The purpose of Advanced Shader Delivery, which was co-developed with Xbox and AMD, is to address one of the banes of PC gamers: shader stuttering. The DirectX team said:
We have partnered with teams across Xbox and at AMD to precompile this data and distribute it at download time for key titles via the Xbox PC app This approach not only gets you into your games faster, but it also prevents most instances of stutter that cause performance issues. As an example, in Obsidian Entertainment’s Avowed, our engineering teams observed launch times reduced by as much as 85%. This not only means you’re playing your game faster, but your battery life is spent on playtime, not compiling.
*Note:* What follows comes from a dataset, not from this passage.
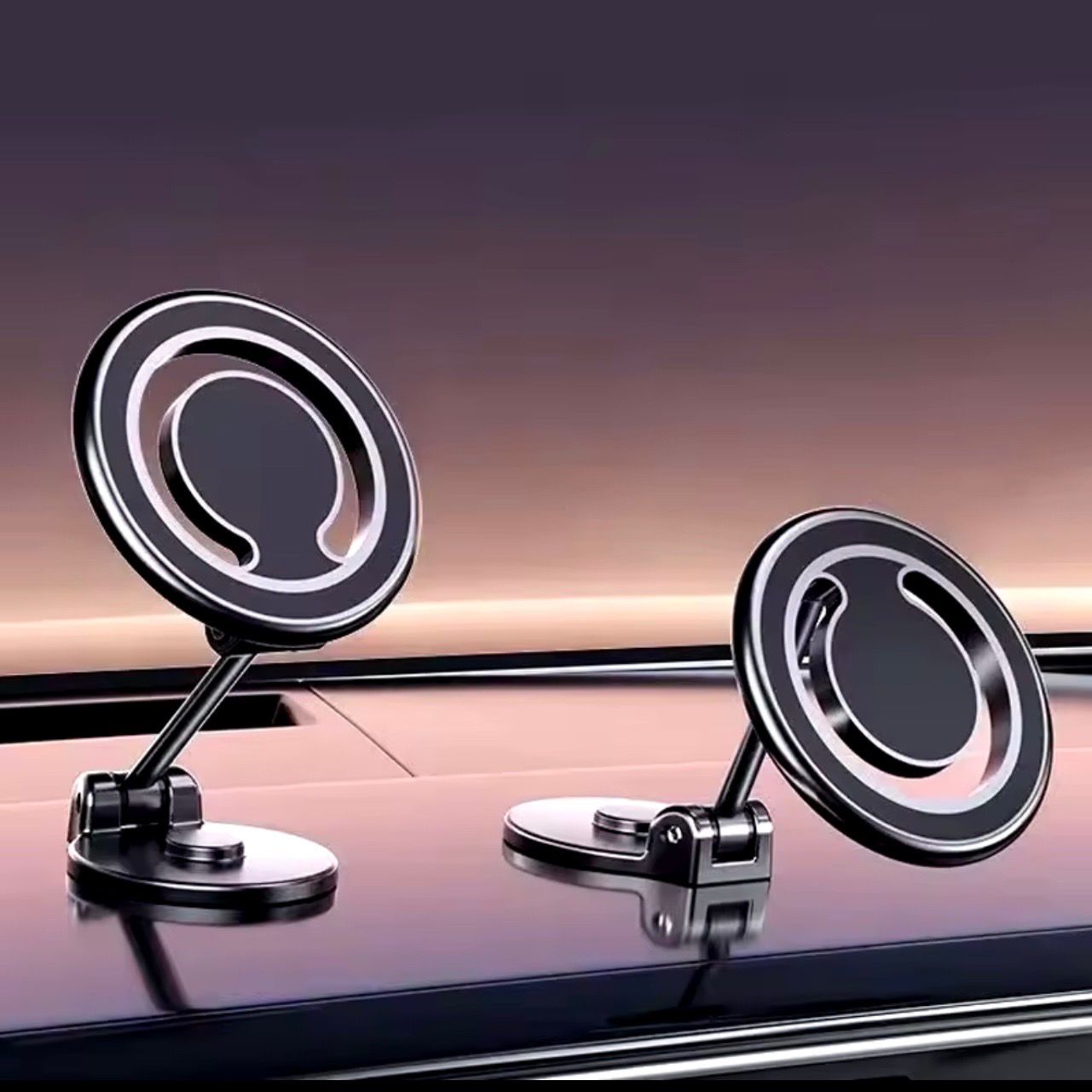 Mag Safe Phone Holder | In Car Phone Holder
The process involves a new method of collecting shader data from any game and packaging it in a new, standardized format called a State Object Database (SODB). The DirectX engineers successfully separated the shader compiler from the graphics driver and united the game data in the SODB with the compiler in the cloud to create a Precompiled Shader Database (PSDB). The PSDB can then be distributed by the Xbox Store alongside the game, supplementing the shader cache. When a game runs for the first time, it sees that all the necessary shaders are already available in a Windows cache and can therefore skip the compilation step on the gaming device. If a device receives a driver update, the app will detect this and automatically update the shader cache.
The caveat is that in the beginning, this will only work on titles distributed via the Xbox app, not Steam (or the Epic Games Store, GOG, Ubisoft Connect, etc.). However, other storefronts may eventually integrate the feature via the upcoming AgilitySDK.
It'll be intriguing to see whether Advanced Shader Delivery can truly help with solving the issue of shader stuttering in PC games.